Ethiopia is a diverse country home to different interests bent on their language, religion, ethnicity, political outlook, etc. Perhaps none other than EPRDF is well adept in reading the lines of difference in the Ethiopian polity and capitalizing on them. But once it took control of power, it has decided to make itself the single most supra entity in the Ethiopian politics representing every interest within the society. But nothing other than power greed leads to such erroneous calculation. For one, besides the total theoretical or practical impossibility of one group representing every other group, EPRDF’s party structure is incompatible with its desire. Formed out of strict ethnic identity the EPRDF’s building block party’s can only claim allegiance to their ethnic group they claim to represent. By trying to silence every other voice and locking the political space within its own agenda of sustaining power, EPRDF is pushing other legitimate groups of interest in the country towards the cliff. The HPR of Ethiopia represents EPRDF’s single most mockery of plural democracy whereby it claims 99.6 percent of the sit. In practice the government is being run by a single powerful group that completely resides over the legislature, the executive, and the judiciary. But it does not stop here. The government is also in control of the media by incessantly wiping out newspapers and magazines and sending their journalists to the dungeon.

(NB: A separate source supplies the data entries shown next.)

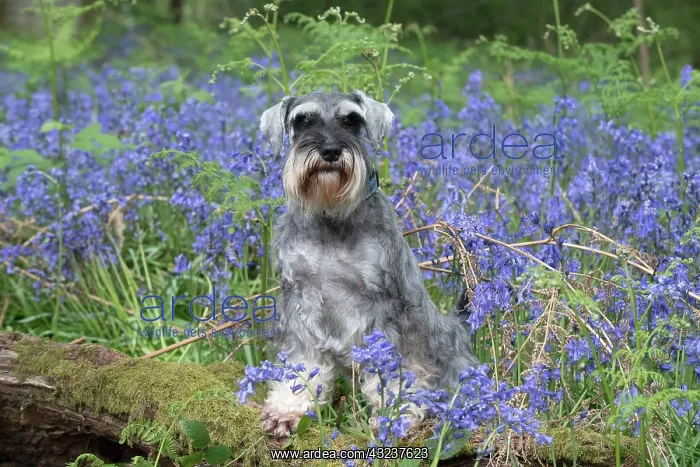 : Miniature Schnauzer in Bluebells : Miniature Schnauzer in Bluebells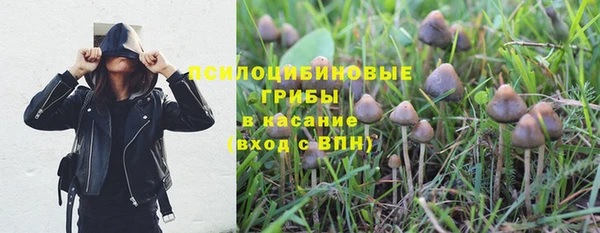 a pvp Арсеньев
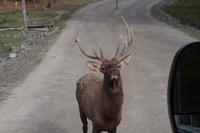 Omega Wildlife Park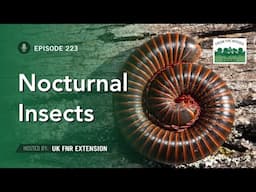 Nocturnal Insects - From the Woods Today - Episode 223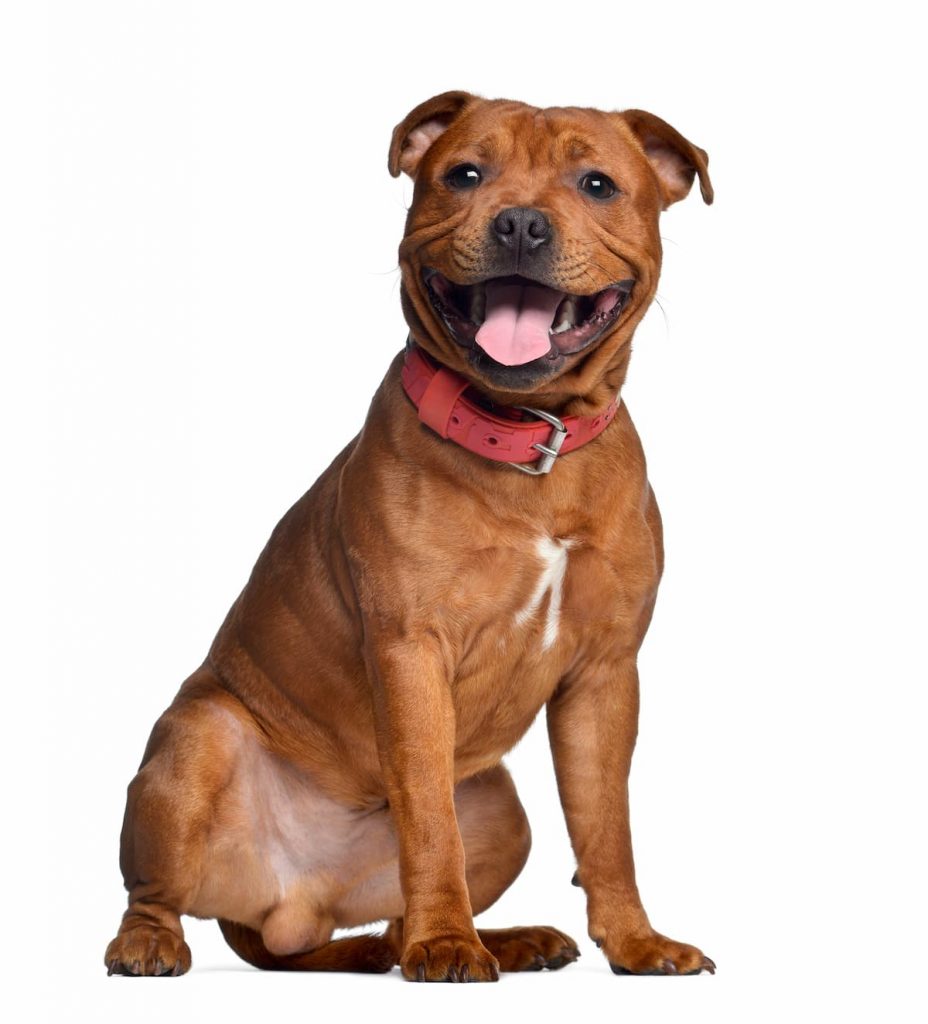 Staffordshire Bull Terrier marrom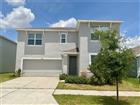 TB8507104 - 33409 FIELD MAPLE LOOP, WESLEY CHAPEL, FL 33545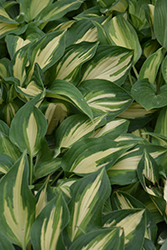 Fantasy Island Hosta (Hosta 'Fantasy Island') at Lakeshore Garden Centres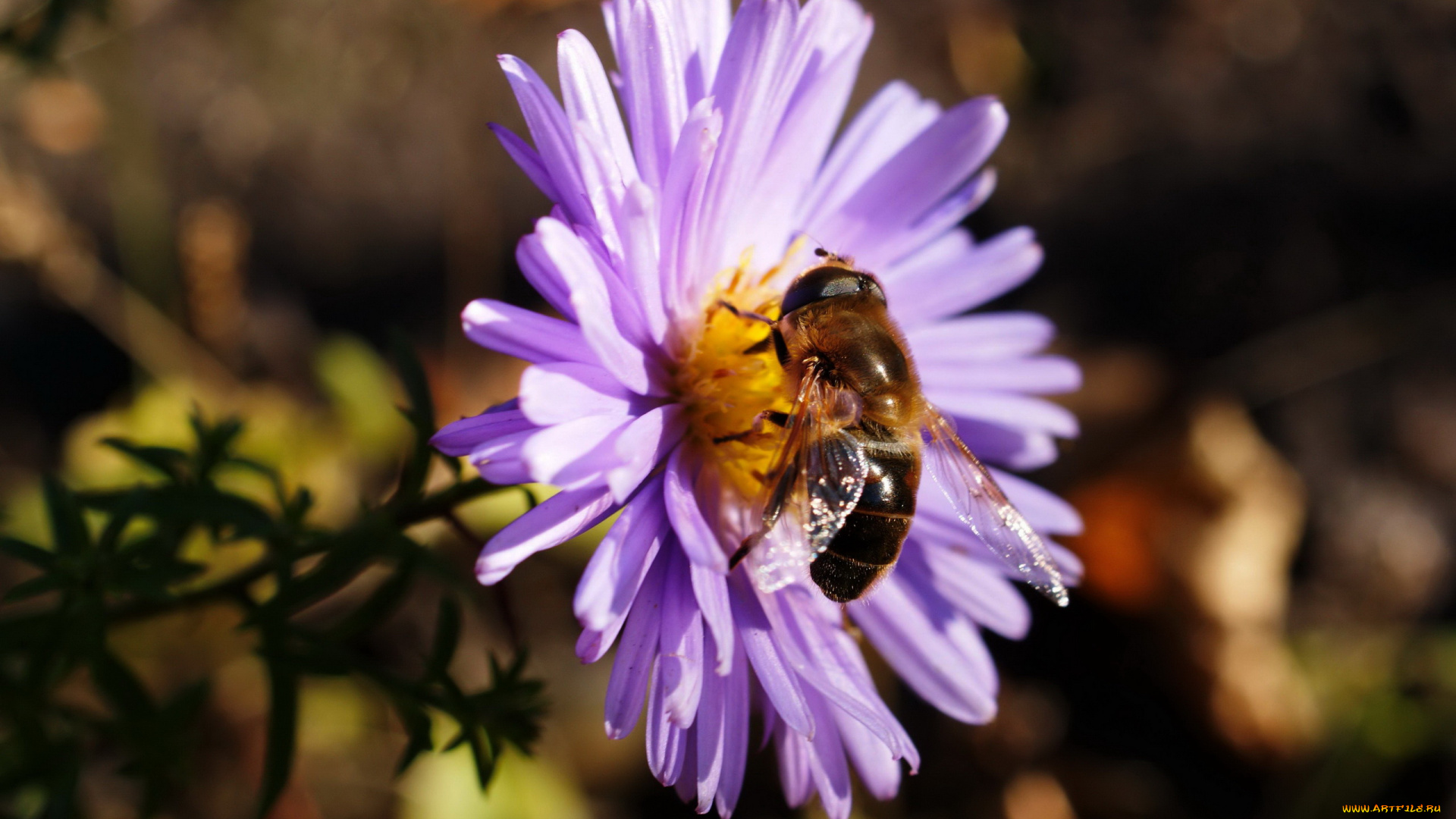 животные, насекомые, полосатая, муха, журчалка, пчелка, пчела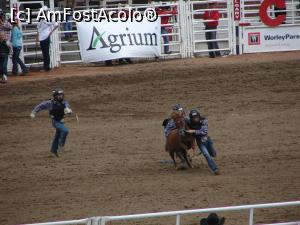 [P16] Calgary Stampede rodeo - cea mai amuzantă probă (echipe de copii care trebuie să prindă și să imobilizeze un ponei)  » foto by ebirsan
 - 
<span class="allrVoted glyphicon glyphicon-heart hidden" id="av739659"></span>
<a class="m-l-10 hidden" id="sv739659" onclick="voting_Foto_DelVot(,739659,13751)" role="button">șterge vot <span class="glyphicon glyphicon-remove"></span></a>
<a id="v9739659" class=" c-red"  onclick="voting_Foto_SetVot(739659)" role="button"><span class="glyphicon glyphicon-heart-empty"></span> <b>LIKE</b> = Votează poza</a> <img class="hidden"  id="f739659W9" src="/imagini/loader.gif" border="0" /><span class="AjErrMes hidden" id="e739659ErM"></span>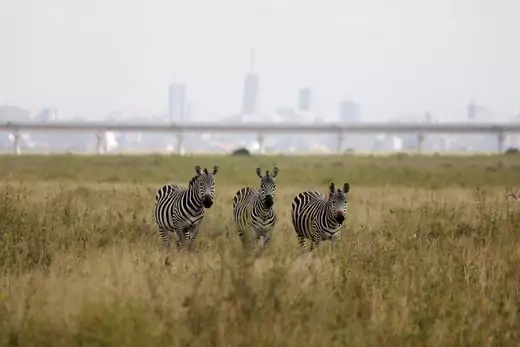 Three zebras walk through tall grasses, with a skyline view of Nairobi in the background.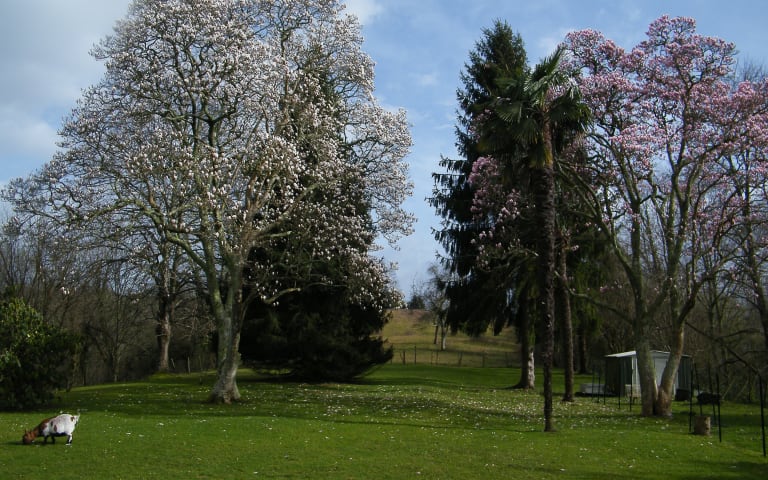 EHPAD Gaia - photo 5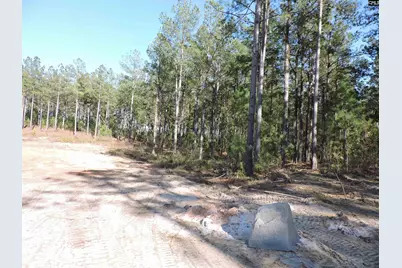 818 White Pond Road, Williston, SC 29853 - Photo 6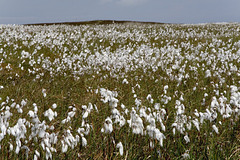 Howdale Moor Cotton grass 1
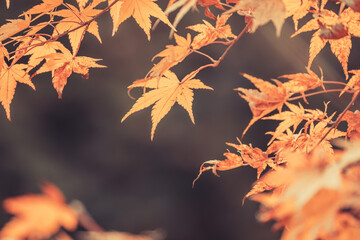 Orange maple leaves, beautiful autumn background.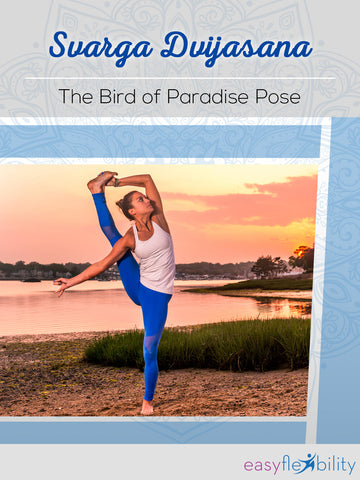 Svarga Dvijasana - The Bird of Paradise Pose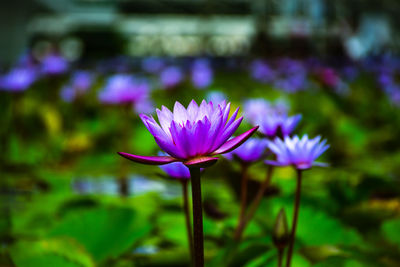 Close-up of purple water lily in lake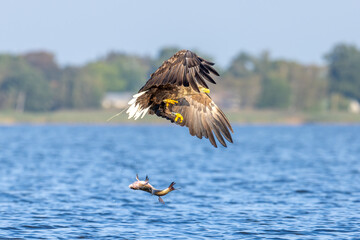 seeadler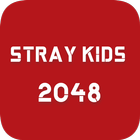 Stray Kids 2048 icône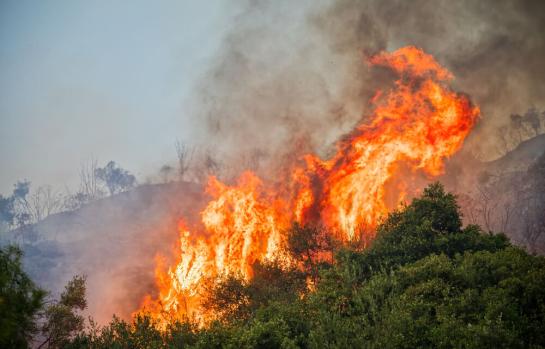 Incendios forestales y FGE_Img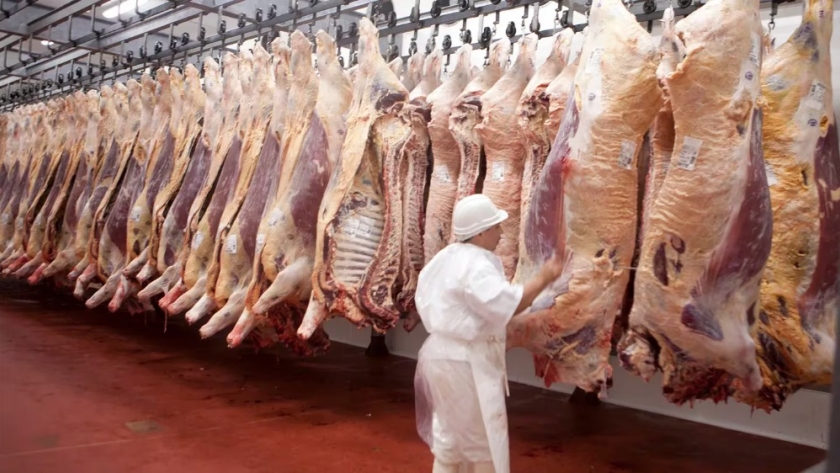 Bioeconomía derogó “normativas obsoletas” para simplificar la administración del sector agropecuario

If the space of civil and political rights is not opened for all, Ethiopia finds itself in the difficult position of risking instability. The existing power in government has already gave birth to strong blocks of interest political as well as economic. Ethiopians face economic inequality and a staggering speed of inflation where the few stash the cash that has been the cause of skyrocketing prices of commodities while the majority simply looks while their hands cannot reach even their most basic needs. Millions of hectares of their land are being tilled by foreigners and the seeds of their land exported flying in the face of their poverty. These and other issues are not allowed to be discussed or, if needs be demonstrated against, simply because the government does not want to hear from the citizens. If the government is deaf to its own people perhaps their mentors have a piece of advice: Gao Xiqing of the China Investment Forum, warned Meles: “Do not necessarily do what we did”. Policies of “sheer economic growth” should be avoided, he said. “We now suffer pollution and an unequal distribution of wealth and opportunities… You have a clean sheet of paper here. Try to write something beautiful.” Yes try to write something beautiful and let the people author their future. Let universal rights of assembly, demonstration, expression, be our common guarantee against tyranny and oppression. Not armory bur the power of the people can defend the country from uncompromising interests that threaten our stable future.

I would like to finish by reciting what a former revolutionary against both the feudal regime and the Derg, Hiwot Teffera  had wittingly reminisced in her book Tower in the Sky,

“On April 23, 1974, a little over two months after the revolution had erupted, Endalkachew’s government (Endalkachew Mekonen was the then prime minister), declared that the party was over. It prohibited demonstrations and strikes. Some ministers and high ranking officials of the previous government were thrown into jail accused of corruption and mismanagement. The government was not unified and had no full control over the military. That was its undoing”.

Yes governments impatient with people’s power and dissent has pushed the people and drove them underground and some to the guerilla but the end of it all was a disaster where everyone claimed to be the sole owner of the truth and disregarded the wisdom in the people to best know their interest.